Somewhere on the road between Arnside and Milnthorpe are several of my fillings, plus bits of my car which rattled off.

I’m thinking of charging SLDC for repairs.

Unfortunately, it looks like they haven’t got any money for that kind of thing, or maybe they’re made of sterner stuff.

The early signs of spring are appearing. Snowdrops are out, daffodils are poking their heads warily through the soil, and lambs are frolicking in the fields, blissfully unaware that they might wind up wrongly labelled as something else altogether in a UK supermarket lasagne any time soon.

There’s another regular spring event too – crumbling roads. I’d started to figure out where they were during my journey to work, but swerving round so many of them causes motion sickness, and the likelihood of being stopped by the police for drink-driving. Not to mention the fact that it’s probably adding miles to my journey.

A nonsensical event seems to occur with a similar frequency to that of horses popping up in unexpected places too –random resurfacing. Several instances appeared towards the end of last year, the rationale seemingly being “This whole road looks like the surface of the moon – let’s randomly pick a short stretch and resurface it”.

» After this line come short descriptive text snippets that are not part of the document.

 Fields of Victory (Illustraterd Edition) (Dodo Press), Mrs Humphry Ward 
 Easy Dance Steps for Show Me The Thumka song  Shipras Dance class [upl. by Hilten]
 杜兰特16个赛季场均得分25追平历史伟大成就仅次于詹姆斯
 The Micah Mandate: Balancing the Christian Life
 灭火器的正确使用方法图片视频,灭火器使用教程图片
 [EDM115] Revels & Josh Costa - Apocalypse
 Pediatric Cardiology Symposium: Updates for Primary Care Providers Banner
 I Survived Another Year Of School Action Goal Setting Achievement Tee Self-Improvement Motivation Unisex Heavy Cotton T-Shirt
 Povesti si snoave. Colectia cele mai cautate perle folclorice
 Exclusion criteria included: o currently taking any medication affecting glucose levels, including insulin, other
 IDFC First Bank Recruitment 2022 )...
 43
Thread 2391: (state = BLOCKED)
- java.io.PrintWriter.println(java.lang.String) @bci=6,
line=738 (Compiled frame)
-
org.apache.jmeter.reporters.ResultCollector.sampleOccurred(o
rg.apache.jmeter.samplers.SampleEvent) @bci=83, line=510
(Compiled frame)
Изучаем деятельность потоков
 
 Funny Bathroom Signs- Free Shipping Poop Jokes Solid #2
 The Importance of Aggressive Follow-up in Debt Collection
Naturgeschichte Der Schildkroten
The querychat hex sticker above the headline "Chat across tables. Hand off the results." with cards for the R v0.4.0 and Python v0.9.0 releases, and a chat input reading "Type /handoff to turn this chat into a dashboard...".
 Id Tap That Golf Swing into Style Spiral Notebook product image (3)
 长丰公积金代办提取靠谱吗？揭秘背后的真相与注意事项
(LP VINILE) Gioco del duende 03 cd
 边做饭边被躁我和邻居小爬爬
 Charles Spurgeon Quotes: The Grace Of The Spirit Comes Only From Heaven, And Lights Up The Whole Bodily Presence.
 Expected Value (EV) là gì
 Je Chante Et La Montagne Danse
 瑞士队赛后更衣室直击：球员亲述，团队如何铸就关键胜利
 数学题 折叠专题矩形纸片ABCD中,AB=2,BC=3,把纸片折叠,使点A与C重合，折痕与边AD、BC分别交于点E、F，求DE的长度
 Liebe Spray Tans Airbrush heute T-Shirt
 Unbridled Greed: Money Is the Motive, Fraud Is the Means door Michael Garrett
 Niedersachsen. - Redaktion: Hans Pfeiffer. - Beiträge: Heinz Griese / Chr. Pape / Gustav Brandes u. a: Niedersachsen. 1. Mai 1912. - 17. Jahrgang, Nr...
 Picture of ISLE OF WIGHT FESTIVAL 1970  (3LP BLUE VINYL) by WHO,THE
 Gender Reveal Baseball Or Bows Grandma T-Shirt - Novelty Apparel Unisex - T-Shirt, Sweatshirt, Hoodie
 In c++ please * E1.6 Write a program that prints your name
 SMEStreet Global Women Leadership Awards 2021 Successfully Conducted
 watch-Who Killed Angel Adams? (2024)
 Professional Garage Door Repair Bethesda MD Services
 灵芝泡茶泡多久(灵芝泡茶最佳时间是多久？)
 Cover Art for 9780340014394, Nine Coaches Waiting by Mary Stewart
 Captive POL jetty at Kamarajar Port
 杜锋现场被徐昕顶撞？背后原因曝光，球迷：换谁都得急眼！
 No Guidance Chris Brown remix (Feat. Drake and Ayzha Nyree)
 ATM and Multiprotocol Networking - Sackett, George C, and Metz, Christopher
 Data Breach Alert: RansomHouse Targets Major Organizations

Whilst it’s clear to anyone who actually drives that the whole road will only be passable in a tractor within a few weeks, the council tarmac a brief stretch, then seem surprised when the rest of it collapses shortly afterwards. Driving some of our local roads is like sitting on a particularly unbalanced washing machine. There’s an occasional quiet, still, moment, the tarmac equivalent of the eye of the storm, then all hell breaks loose again.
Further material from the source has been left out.